Customize job runtime
Users, sometimes, require to install 3rd-party packages into environments (Notebook, Job). Those packages, by default, are installed in individual user home volume which is not available to Jobs environment. It implies that repeating same packages installation in different environment instances is not avoidable if packages also are needed.
One way is to build custom images with built-in required packages with Admin Privileges, the other is to customize runtime environment as general users.
This document guides how to install packages once for re-use in other environments, or even re-use by same group members. By installing packages specifically in Group Volume instead of User Volume, users are able to have certain runtime dependencies customization.
Two examples are demonstrated here:
- All dependencies are installed by pip
- A dependency is compilation needed
Basic idea
Customization of runtime are two parts:
- Install packages of dependency into Group Volume
- Append extra search paths to your application
Configure the dependency search path to your application:
- Use
LD_LIBRARY_PATH
environment variable to linux shared library (.so files) - Use
PYTHONPATH
environment variable to python application
Here only list Python-related path, for other languages, please visit their official documentation.
PIP
For python application, using pip
package installer is simpler way to customize job runtime. Packages could be installed into assigned directory by --target
.
E.g. Install mlflow
libraries into <GROUP_VOLUME>/mlflow-library
by --target
option with specified <GROUP_Volme>
.
pip install --target <GROUP_VOLUME>/mlflow-library mlflow sklearn
Then specify PYTHONPATH
variables with python package path to Group Volume.
jovyan@jupyter-phadmin:~/mlflow$ PYTHONPATH=<GROUP_VOLUME>/mlflow-library/
jovyan@jupyter-phadmin:~/mlflow$ python examples/sklearn_elasticnet_wine/train.py
Elasticnet model (alpha=0.500000, l1_ratio=0.500000):
RMSE: 0.7931640229276851
MAE: 0.6271946374319586
R2: 0.10862644997792614
In command lines of a Job, use this form to specify extra dependency:
PYTHONPATH=<GROUP_VOLUME>/mlflow-library/ python [your-application.py]
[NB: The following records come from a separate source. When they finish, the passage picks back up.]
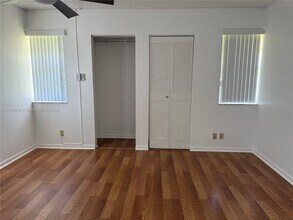 9906 Twin Lakes Dr in Coral Springs, FL - Building Photo - Building Photo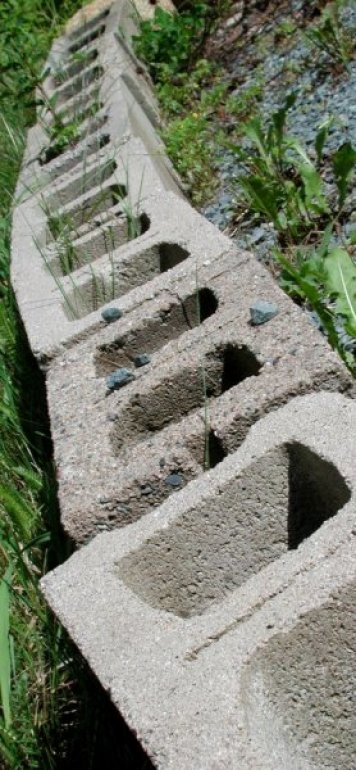 Row Of Bricks 122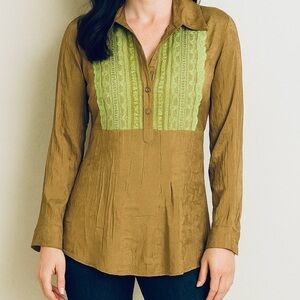 Uno Core size Medium blouse top lightweight long sleeve tunic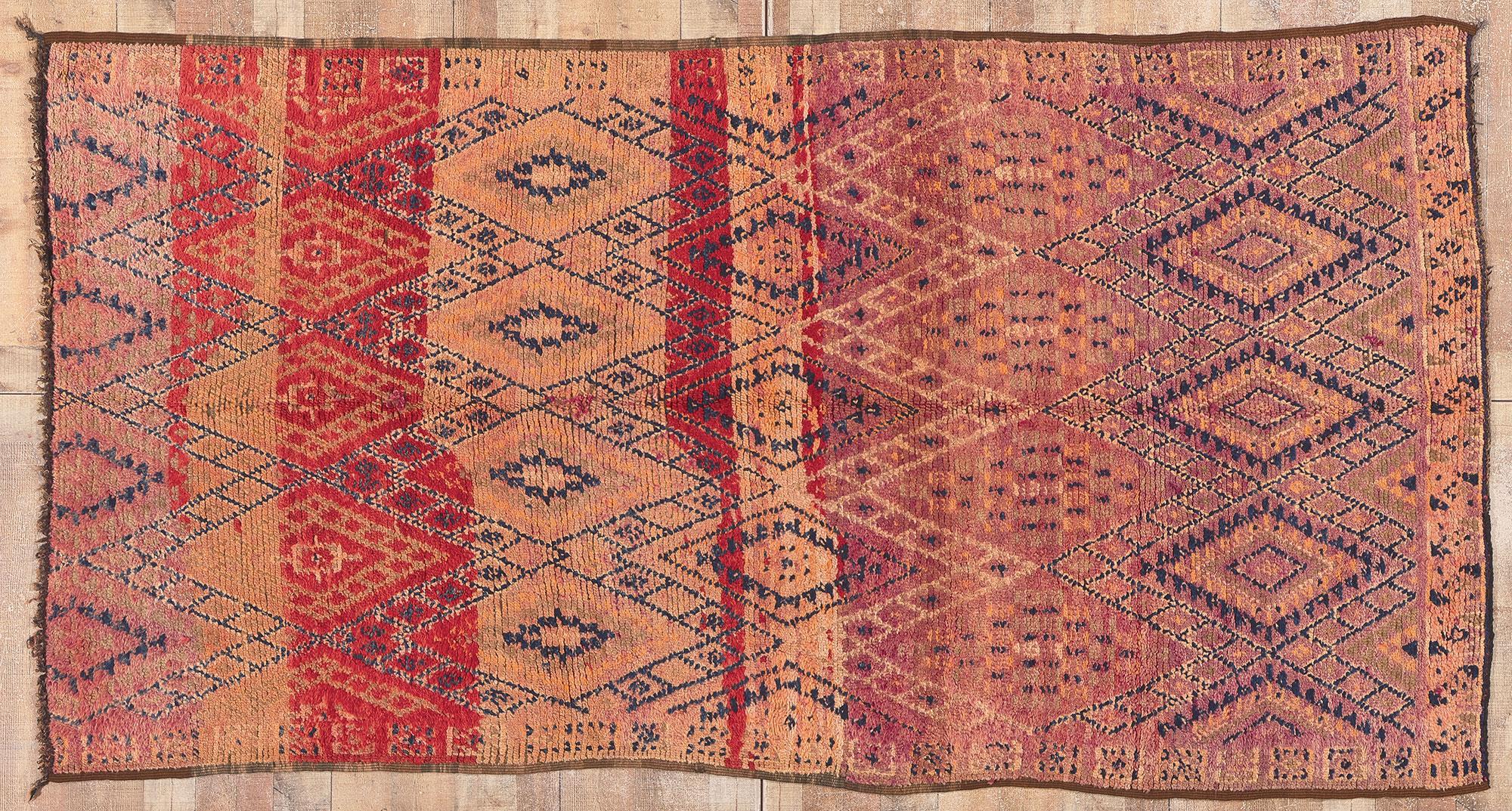 Marokkanischer Beni MGuild Vintage-Teppich, Wabi-Sabi Meets Modern Luxe im Angebot 2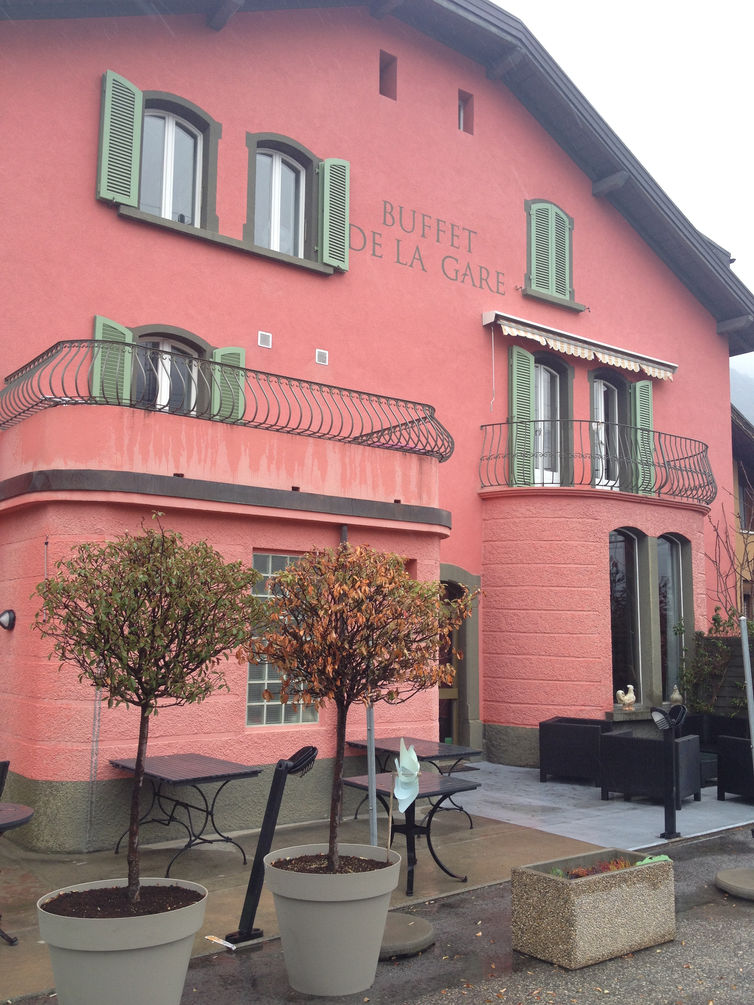 Buffet de la Gare à St-Léonard, un grand coup de coeur.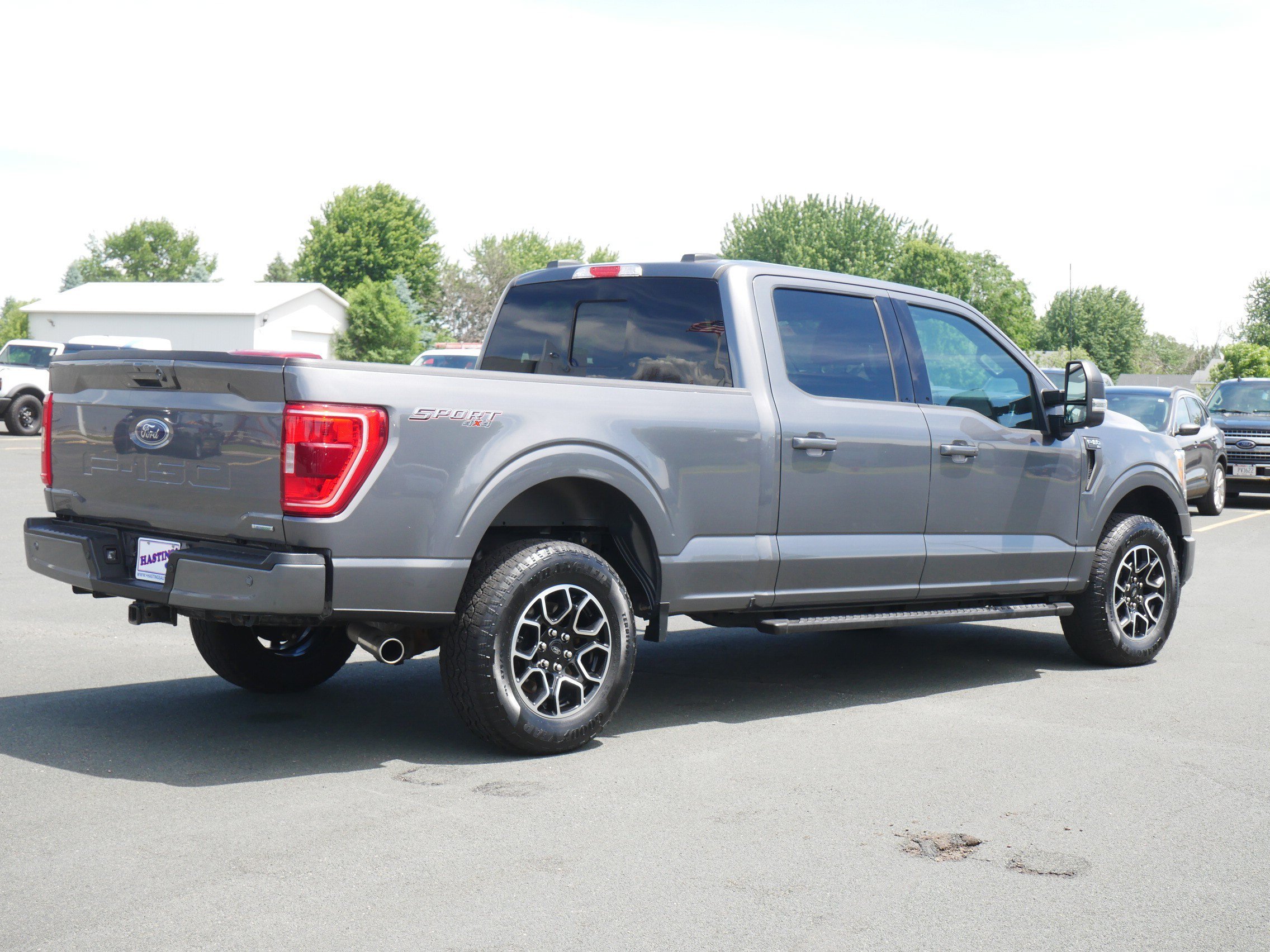 Used 2023 Gray Ford XLT image 5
Load native dynamic library at runtime
In some cases, a library works with its native library. It should configure dependencies by LD_LIBRARY_PATH
.
For example, submit a job running warp-ctc which requires two steps according to the installation documents:
- Build the native library
- Install the binding python packages
In this case, we have to build the libwarpctc.so
first and copy it to <GROUP_VOLUME>/warp-ctc/libwarpctc.so
, then build the Python package with --prefix
and WARP_CTC_PATH
environment variables
cd pytorch_binding
WARP_CTC_PATH=<GROUP_VOLUME>/warp-ctc \
python setup.py install --prefix=<GROUP_VOLUME>/warp-ctc
In the build log, it points the installed path, set PYTHONPATH
the path
Installed <GROUP_VOLUME>/warp-ctc/lib/python3.7/site-packages/warpctc_pytorch-0.1-py3.7-linux-x86_64.egg
LD_LIBRARY_PATH=<GROUP_VOLUME>/warp-ctc \
PYTHONPATH=<GROUP_VOLUME>/warp-ctc/lib/python3.7/site-packages/warpctc_pytorch-0.1-py3.7-linux-x86_64.egg \
python [your-application.py]
Installed packages under Group Volume are also available to other group members as long as paths are specified, since Group Volume is a shared data store within the group.